- [REQUIRED WORK]
Images excluded, reproduce each line of the records exactly as it stands.

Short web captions
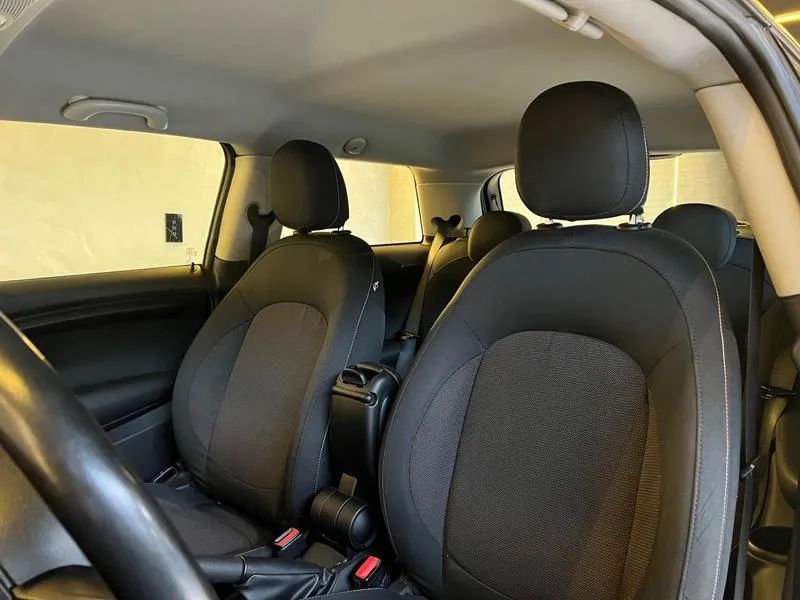 MINI Cooper 1.5 12V Twinpower Gasolina 4P Steptronic, foto 9 de 13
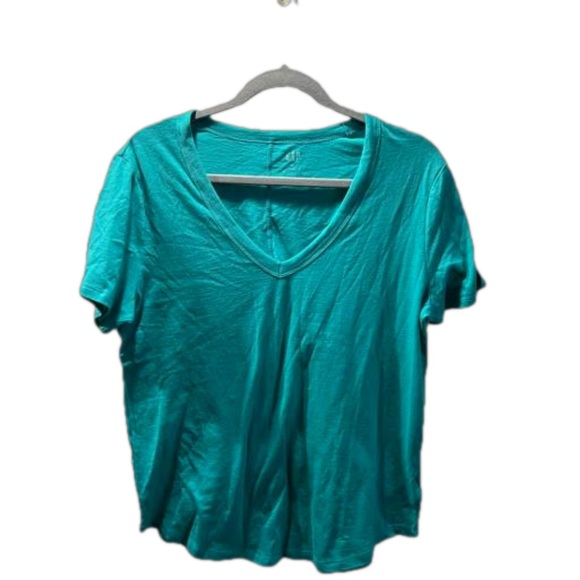 GAP Tops - NWT GAP|Forever Soft V-neck Tee|Size Medium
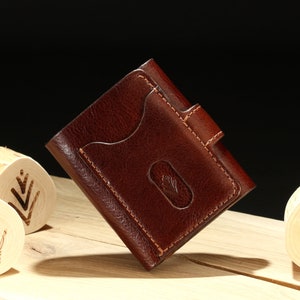 Cartera de cuero hecha a mano, Cartera triple, Cartera de hombre, Cartera de cuero de alta calidad, Tarjetero para dinero y tarjetas de crédito. imagen 2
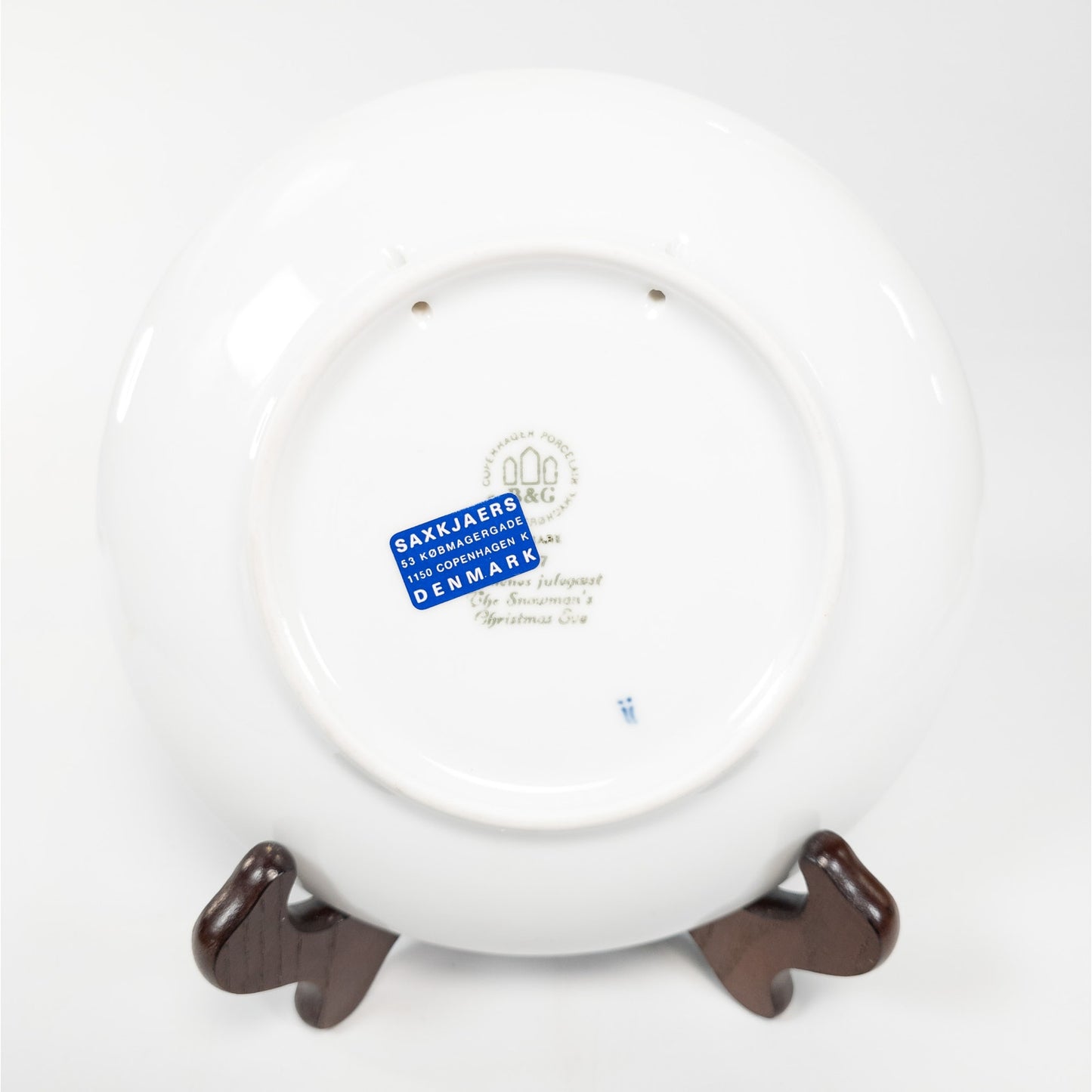 1987 Royal Copenhagen Denmark Christmas Plate The Snowman's Christmas Eve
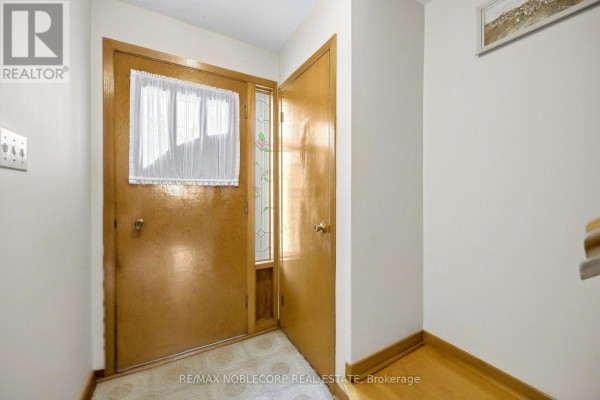 Primary Bedroom - 157 Hallmark Avenue, Toronto, ON M8W4K9 Photo 4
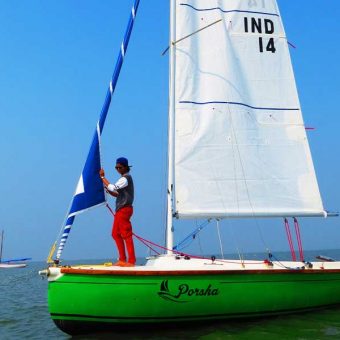 Sailing at Gateway of India, Mumbai (XS 63 Sailboat - 8 Seater)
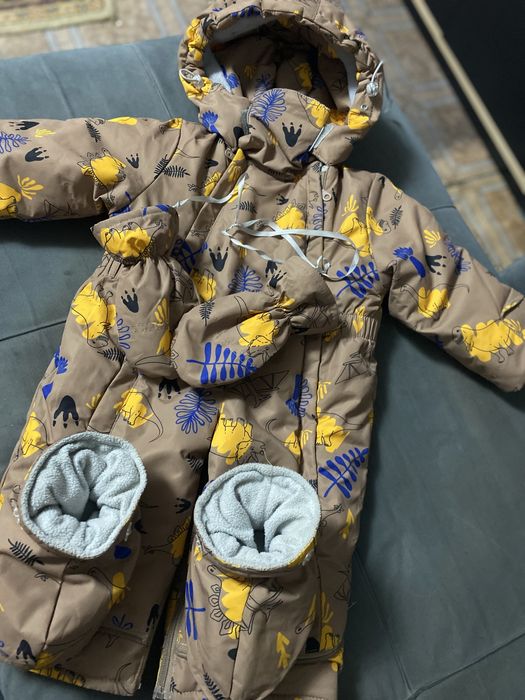 Продам комбинезон зимний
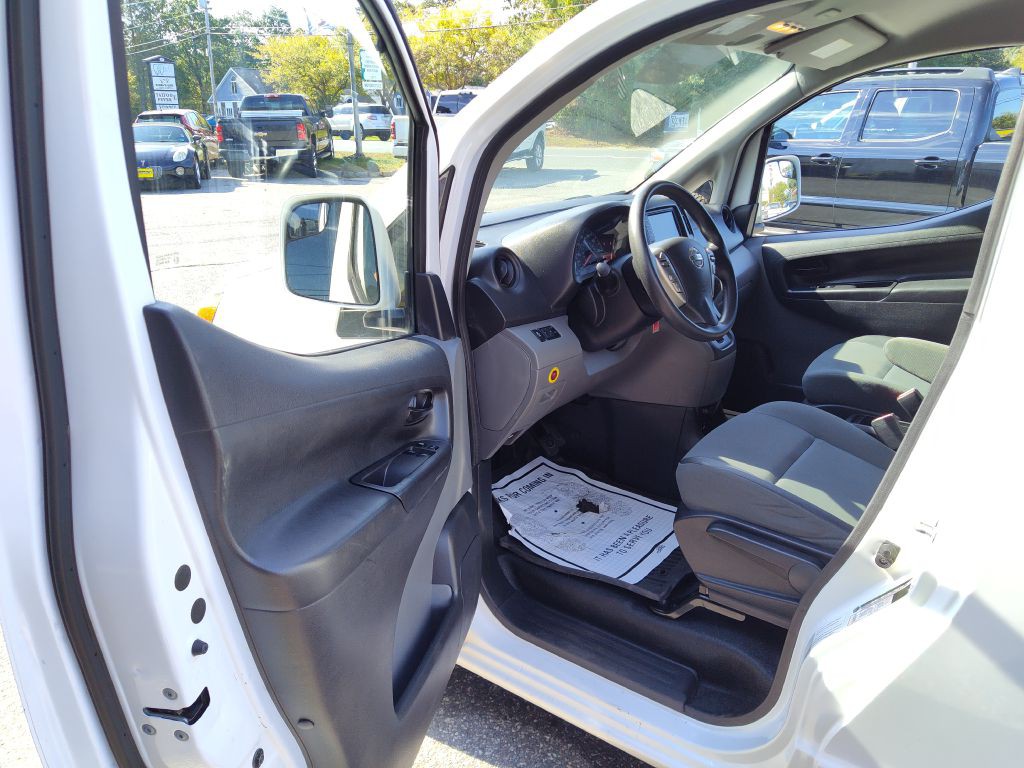 2020 Nissan NV200 Image 12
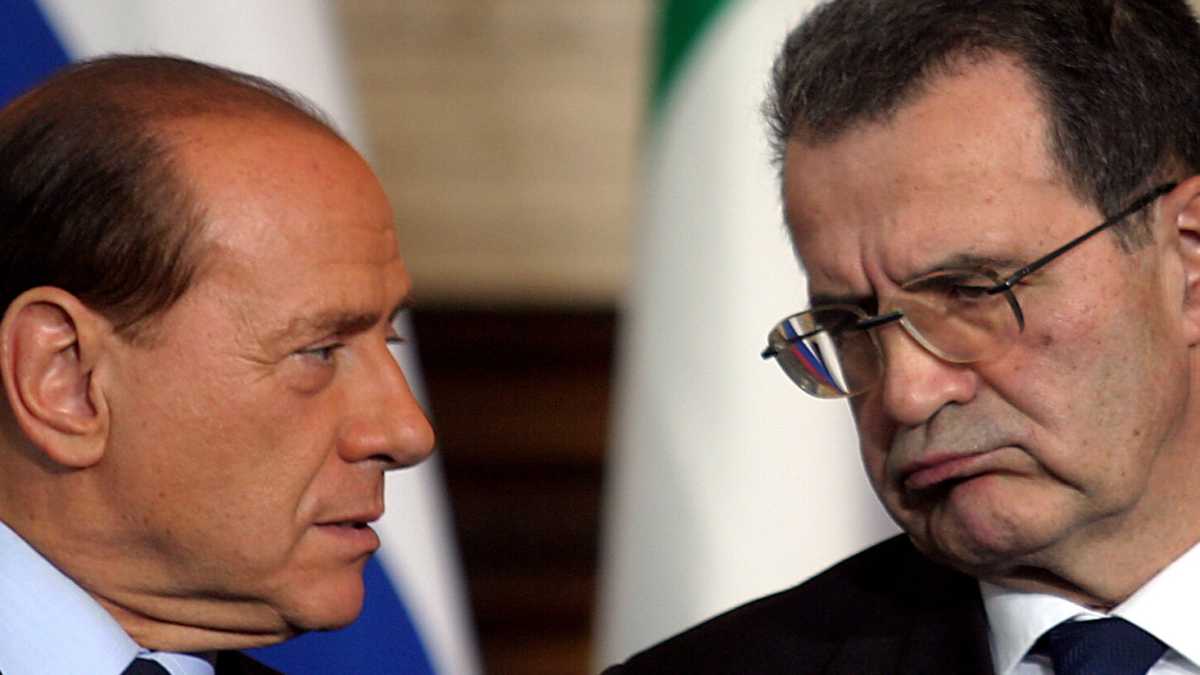 Immagine di Prodi e Berlusconi nell'antica Grecia
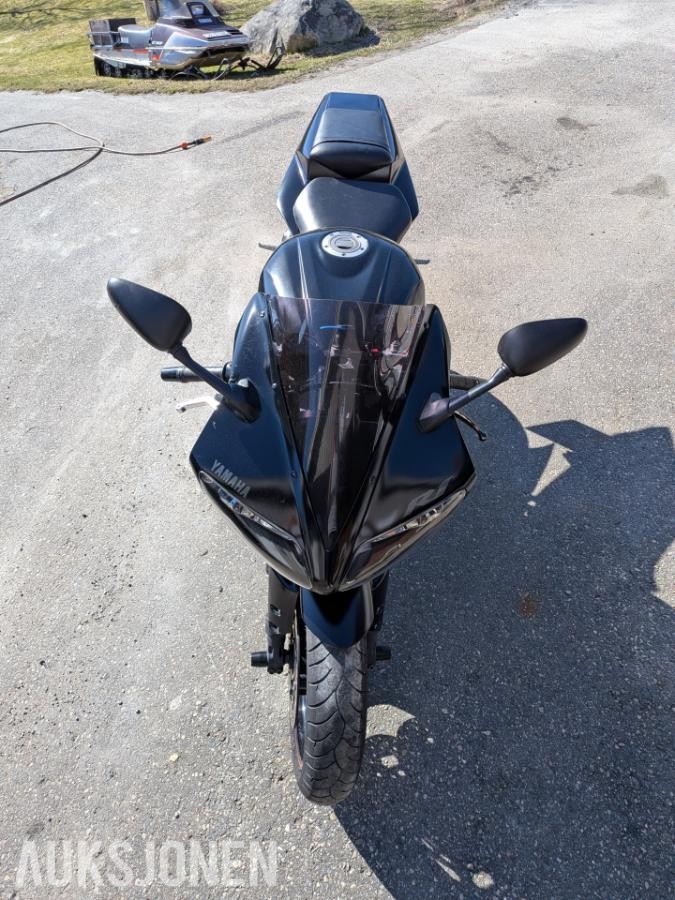 2002 Yamaha YZF-R1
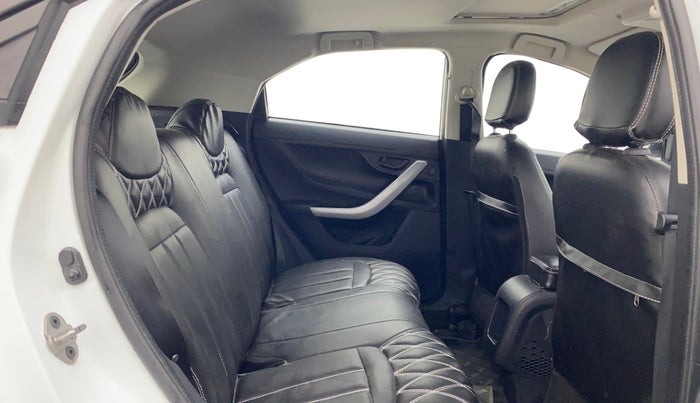 2022 Tata NEXON XM SUNROOF PETROL, Petrol, Manual, 20,133 km, Right Side Rear Door Cabin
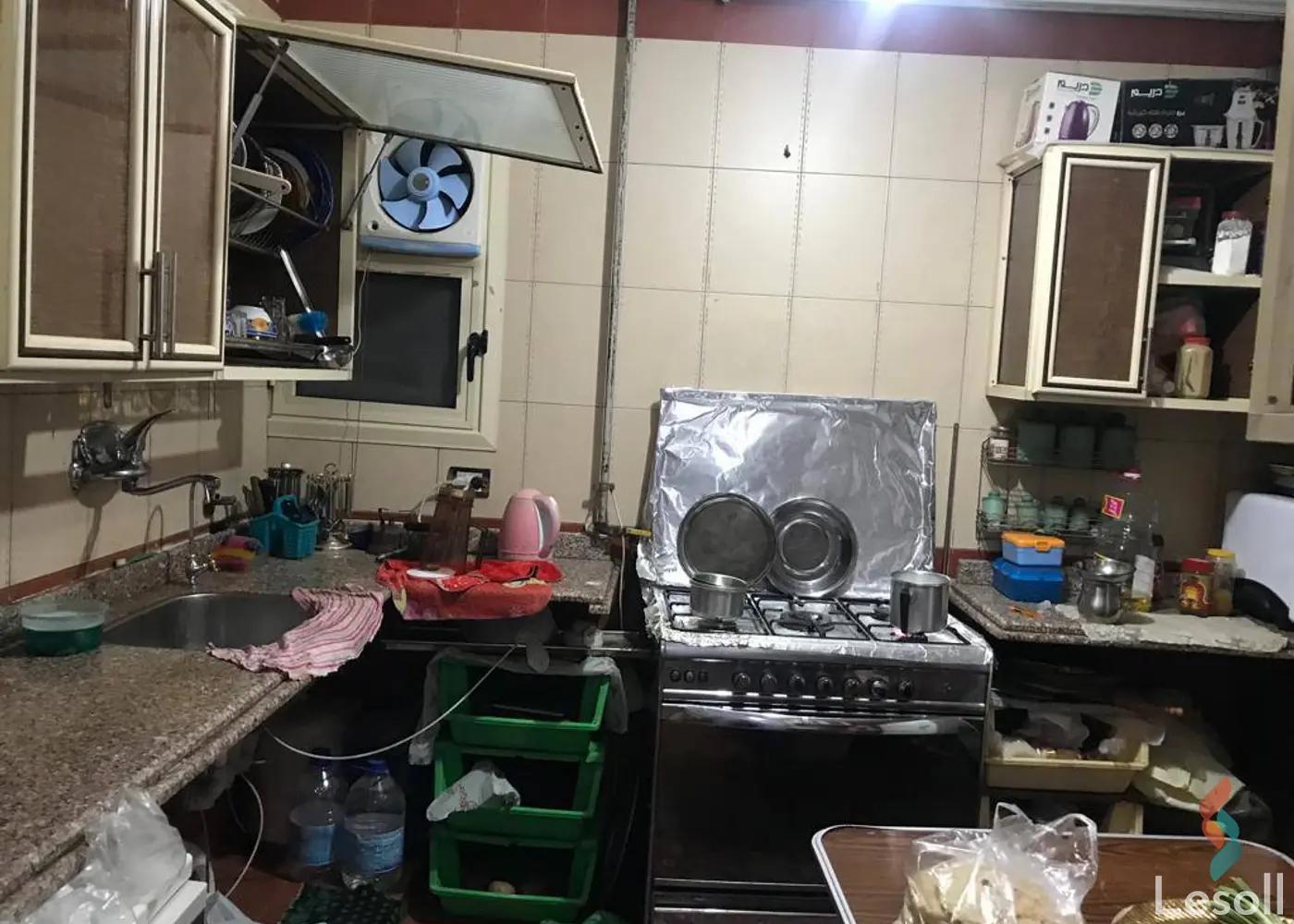 شقة للبيع بمساحة 200 متر و 3 غرف في فيصل الجيزة - صورة 3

- [WRITTEN REPLY]
 MINI Cooper 1.5 12V Twinpower Gasolina 4P Steptronic, foto 9 de 13
 GAP Tops - NWT GAP|Forever Soft V-neck Tee|Size Medium
 Cartera de cuero hecha a mano, Cartera triple, Cartera de hombre, Cartera de cuero de alta calidad, Tarjetero para dinero y tarjetas de crédito. imagen 2
 1987 Royal Copenhagen Denmark Christmas Plate The Snowman's Christmas Eve
 Primary Bedroom - 157 Hallmark Avenue, Toronto, ON M8W4K9 Photo 4
 Sailing at Gateway of India, Mumbai (XS 63 Sailboat - 8 Seater)
 Продам комбинезон зимний
 2020 Nissan NV200 Image 12
 Immagine di Prodi e Berlusconi nell'antica Grecia
 2002 Yamaha YZF-R1
 2022 Tata NEXON XM SUNROOF PETROL, Petrol, Manual, 20,133 km, Right Side Rear Door Cabin
 شقة للبيع بمساحة 200 متر و 3 غرف في فيصل الجيزة - صورة 3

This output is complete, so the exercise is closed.